Exercise:
Among the records below, find the line that has "PEUGEOT 4007 PEUGEOT"; from there, give the lines again exactly, and stop after the line that has "Outline map".

Information supplied:

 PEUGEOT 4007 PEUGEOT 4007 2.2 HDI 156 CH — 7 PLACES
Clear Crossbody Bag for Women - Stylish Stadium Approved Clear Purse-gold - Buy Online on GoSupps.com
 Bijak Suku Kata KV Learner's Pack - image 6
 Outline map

--

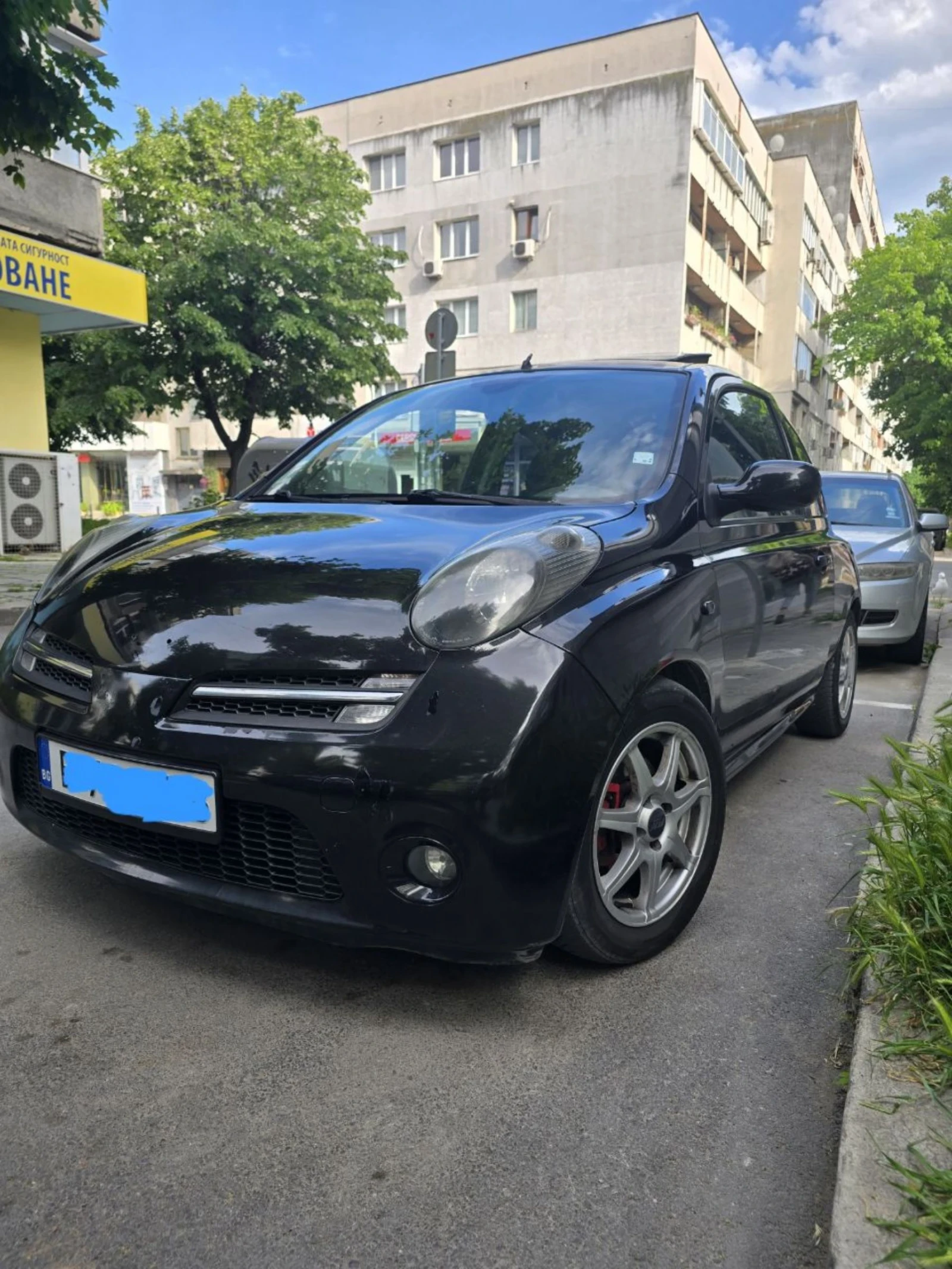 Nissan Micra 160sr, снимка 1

---

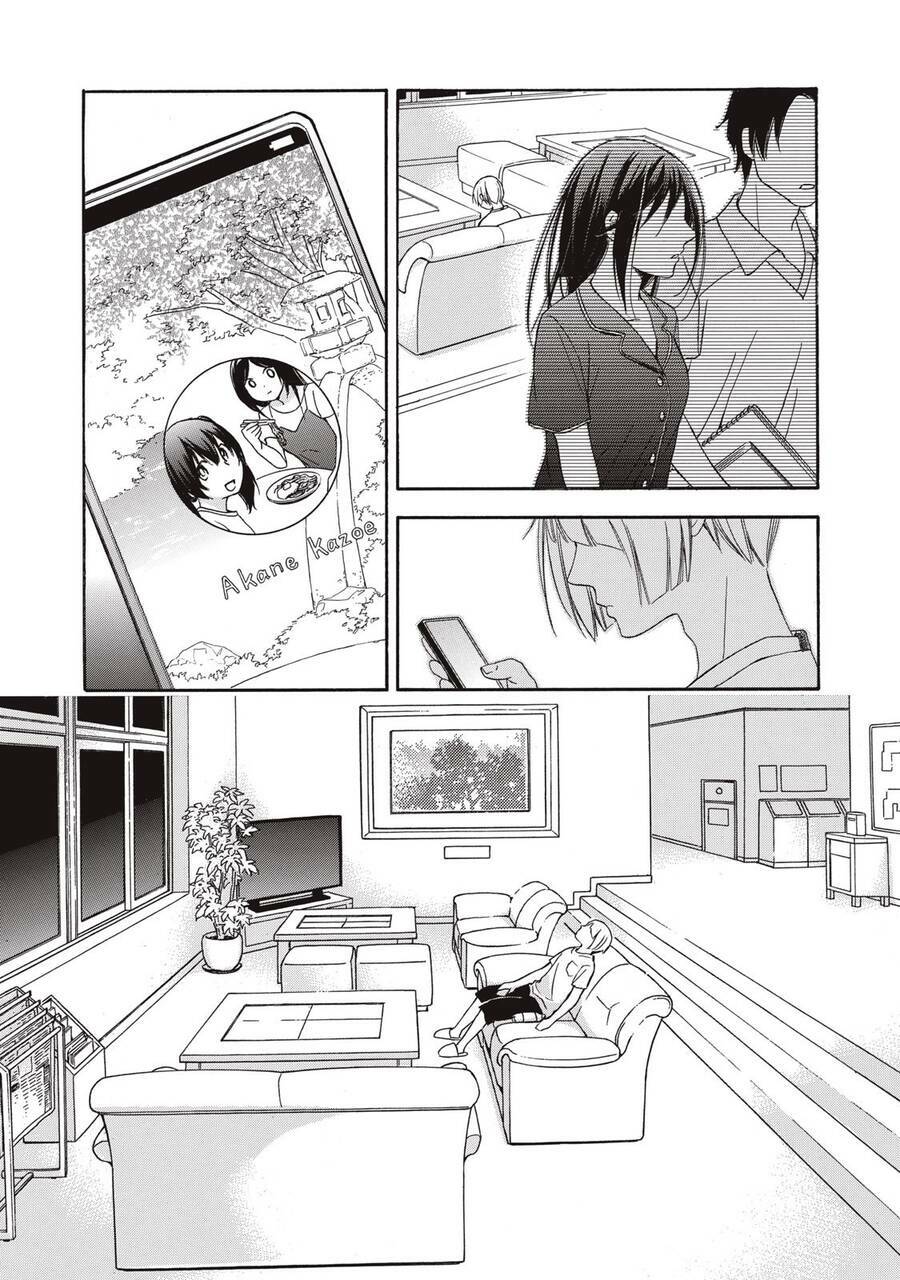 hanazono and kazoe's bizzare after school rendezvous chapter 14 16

Response to the exercise:
 PEUGEOT 4007 PEUGEOT 4007 2.2 HDI 156 CH — 7 PLACES
Clear Crossbody Bag for Women - Stylish Stadium Approved Clear Purse-gold - Buy Online on GoSupps.com
 Bijak Suku Kata KV Learner's Pack - image 6
 Outline map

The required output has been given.